──────── Records provided ────────

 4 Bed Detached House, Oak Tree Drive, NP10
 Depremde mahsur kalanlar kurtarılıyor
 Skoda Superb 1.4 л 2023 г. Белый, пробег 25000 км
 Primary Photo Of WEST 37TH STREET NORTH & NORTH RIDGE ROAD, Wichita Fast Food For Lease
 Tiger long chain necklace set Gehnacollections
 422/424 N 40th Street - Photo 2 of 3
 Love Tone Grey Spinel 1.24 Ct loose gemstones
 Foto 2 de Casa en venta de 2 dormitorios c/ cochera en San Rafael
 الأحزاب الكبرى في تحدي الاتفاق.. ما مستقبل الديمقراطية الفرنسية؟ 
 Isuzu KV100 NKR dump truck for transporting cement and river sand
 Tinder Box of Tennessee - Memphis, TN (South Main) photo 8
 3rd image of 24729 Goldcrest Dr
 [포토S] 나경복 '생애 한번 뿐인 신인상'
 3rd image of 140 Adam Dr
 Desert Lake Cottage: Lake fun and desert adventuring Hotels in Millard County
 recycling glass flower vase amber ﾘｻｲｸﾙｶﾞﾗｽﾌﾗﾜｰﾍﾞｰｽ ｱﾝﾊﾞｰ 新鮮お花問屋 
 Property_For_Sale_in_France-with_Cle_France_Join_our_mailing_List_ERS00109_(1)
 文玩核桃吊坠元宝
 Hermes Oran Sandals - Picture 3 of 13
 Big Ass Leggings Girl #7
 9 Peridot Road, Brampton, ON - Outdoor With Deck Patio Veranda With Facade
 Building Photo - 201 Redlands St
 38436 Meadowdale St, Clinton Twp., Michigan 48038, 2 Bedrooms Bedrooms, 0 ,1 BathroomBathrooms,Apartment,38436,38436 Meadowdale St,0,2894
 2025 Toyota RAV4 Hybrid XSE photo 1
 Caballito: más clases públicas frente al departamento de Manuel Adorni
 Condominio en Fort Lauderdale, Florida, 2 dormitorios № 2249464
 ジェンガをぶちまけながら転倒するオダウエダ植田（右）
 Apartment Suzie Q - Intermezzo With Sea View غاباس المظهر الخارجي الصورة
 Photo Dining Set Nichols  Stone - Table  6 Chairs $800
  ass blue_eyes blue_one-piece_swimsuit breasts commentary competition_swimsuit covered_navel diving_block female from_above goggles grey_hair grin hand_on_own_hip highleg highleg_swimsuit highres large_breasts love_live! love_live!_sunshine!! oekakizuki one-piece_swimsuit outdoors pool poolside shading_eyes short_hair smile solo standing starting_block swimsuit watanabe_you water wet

────────

Required action:
The answer should be nothing but the number of lines in this data that include "image".

Answer:
2